Soy una persona que gusta del teatro bien realizado y que detesta las estafas;
por lo mismo, casi nunca voy al teatro (esto en la CDMX, en 2016). Si voy a gastar entre $250 - $450
pesos, prefiero que sea en palomitas, refresco y un producto que, aunque carece
de calidad temática, por lo menos está bien hecho. No pretendo malgastar mi
dinero viendo las torpes y ególatras ideas erradas y falsos conceptos de un
ineficaz y mal habido “artista teatral” que además, está allí por el único
“mérito” de la amistad, la lambisconería o la insistencia.
Cuando hablo de teatro bien hecho, me refiero a aquellas expresiones
escénicas que contienen vitalidad y Verdad, independientemente de su hechura,
estilo o corriente; un teatro así, casi nunca se ve en la Ciudad de México y
mucho menos en aquello que se encuentra vinculado a las instituciones
repartidoras de “cash” (becas, estímulos, financiamientos, etc.).

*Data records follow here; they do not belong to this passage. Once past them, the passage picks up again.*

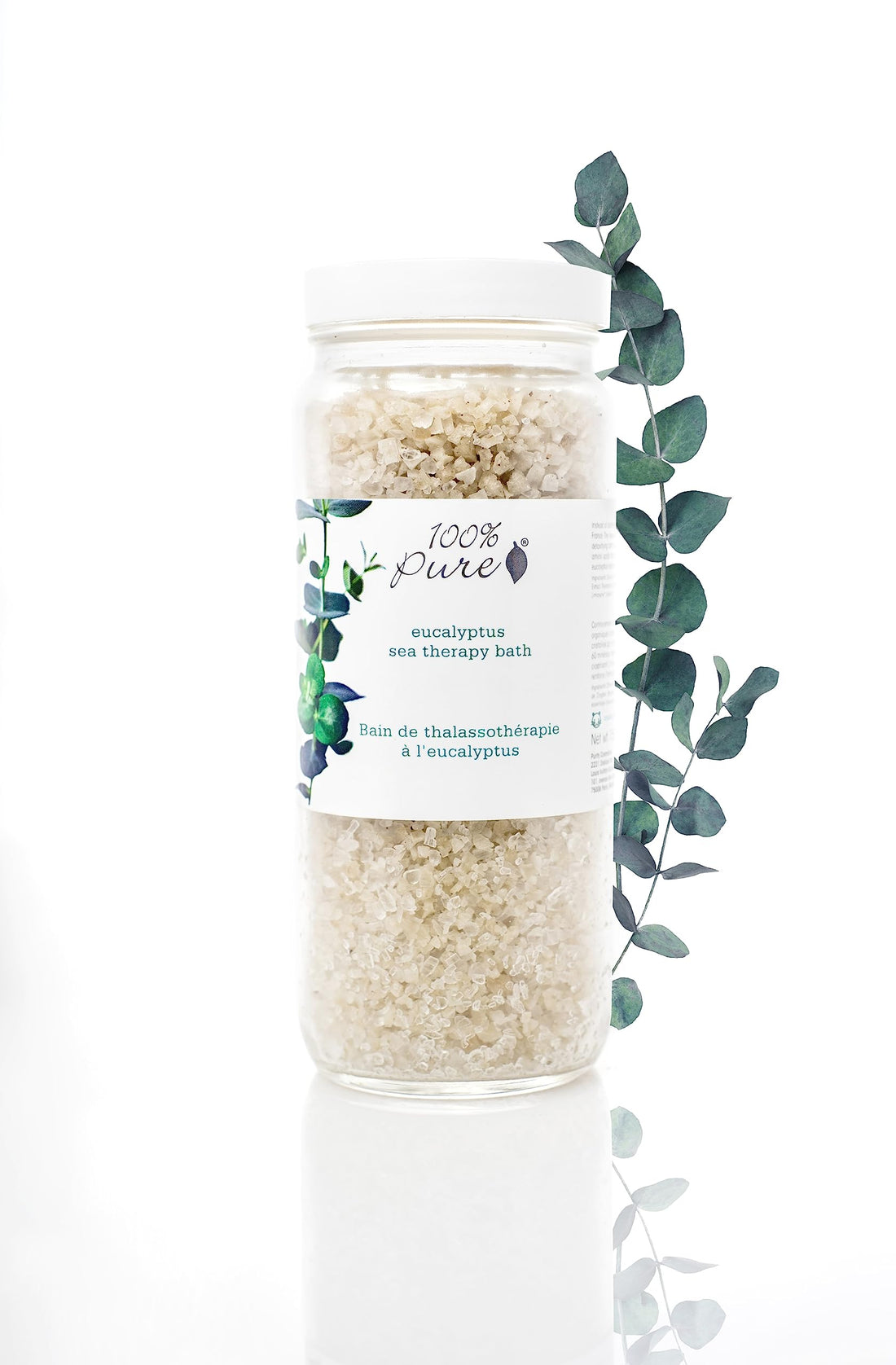 100% PURE Eucalyptus Sea Therapy Soak Bath Salts for Nourishing Skin, Relax Body & Mind Eucalyptus Essential Oils Home Spa Kit for Women & Men - 15 Oz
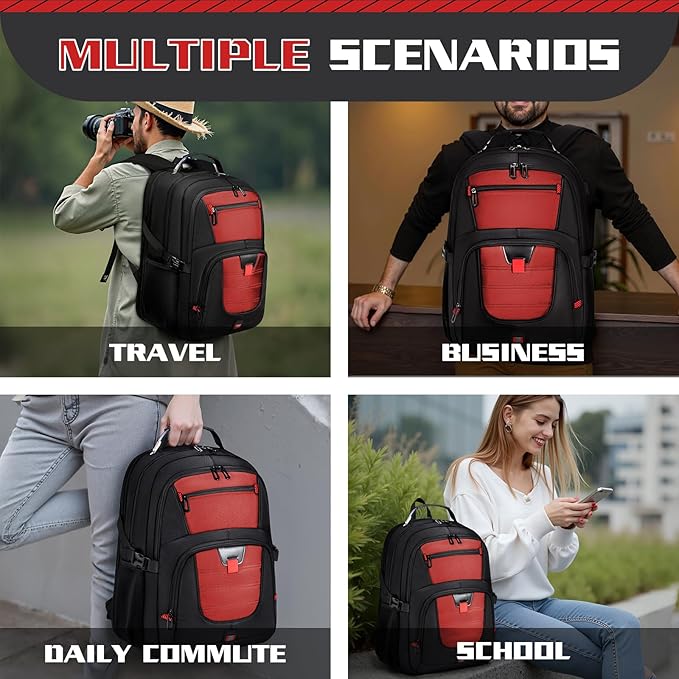 Large Travel Backpack, 50L Laptop Backpack for Men 17.3 Inch, TSA Approved, Heavy Duty with Charging, Anti Theft for College Business Work, Red
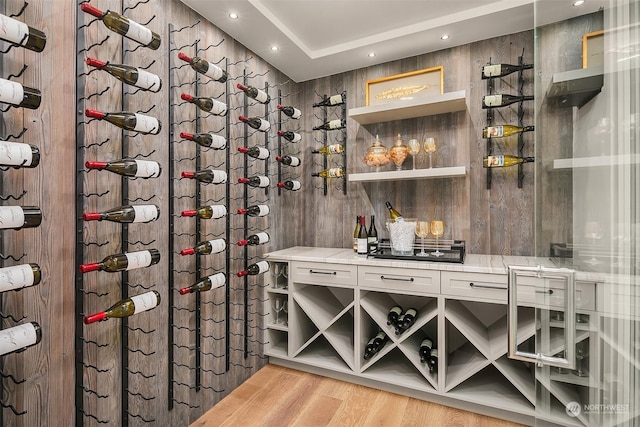 wine cellar featuring light hardwood / wood-style flooring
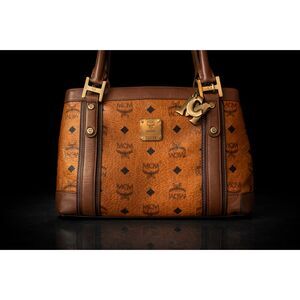 MCM Cognac Visetos Leather Tote Bag Gold Hardware Medium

Sin embargo, de cuando en cuando, por invitación o porque soy un buen
televidente, llegan a mí las obras de “la gente de teatro” y es así que canal 22
transmitió La vida es sueño, de
Calderón de la Barca, en versión de Claudio Valdés Kuri, presentada recientemente en el
Centro Cultural del Bosque. Lo primero que pensé fue que tenía una buena
dirección de cámaras, como si lo hubieran ensayado para su grabación en tv; y,
aunque no llega al nivel de las producciones europeas, parece que en México ya
aprendimos a presentar teatro en video.
Lo segundo que pensé fue lo siguiente: la "adaptación" o
“lectura” (que ya es mucho decir), que hizo Claudio Valdés Kuri, resultó en una
fantasía jarocho-homo-erótica, propia de un imbécil ignorante que no sabe leer;
hecha sobre la escena por (eso parecían) unos imbéciles ignorantes que no
saben leer y, por ende, no saben hablar, pero eso sí, muy delgados. Ésta versión logró, sobre la escena,
exterminar toda la belleza del texto. Estoy de acuerdo en que los actores
tienen que comer y por esto, a veces aceptan participar en proyectos
mezquinos, pero esto no los excluye de la responsabilidad de promover la
mezquindad, la mediocridad y demás actitudes mercenarias ¿Por qué, cuando se
trata de un actor haciendo telenovelas en televisa o tv azteca, se le critica
con todo rigor; mientras que un actor en teatro haciendo una obra mezquina, se le trata con
consideraciones especiales? ¿Con qué calidad moral se puede criticar la
corrupción, cuando actuamos corruptamente en nuestra cotidianidad? Y todavía es peor cuando el actor se deja convencer por ideas estúpidas, ya sea
por amistad o por enajenaciones mesiánicas, porque hablar de ideologías es
demasiado, en este caso.
Como sea, mientras veía esta obra de Valdés Kuri, recordé que uno entra a la carrera de teatro con prejuicios e ideas preconcebidas que
luego se complejizan o se enredan. El asunto es que, cuando se trata de hacer
tu primera puesta en escena, quieres meter y hacer notar tus referentes y todas
aquellas influencias que consideras nuevas, vanguardistas y auténticas; luego
aprendes dos o tres ejercicios de calentamiento, concentración o de técnica
teatral y dos o tres estilos y corrientes estilísticas, y también los metes; lo
que queda es lo que, anteriormente, se denominaba “Papaya cósmica”, es decir,
una mezcla desproporcionada y desbocada
de ocurrencias sin sentido que, inevitablemente, aparecen en cada
generación. Y si, además de todo, tienes ínfulas de grandeza porque piensas que
tienes una visión del mundo que nadie más tiene, pues la payasada se completa.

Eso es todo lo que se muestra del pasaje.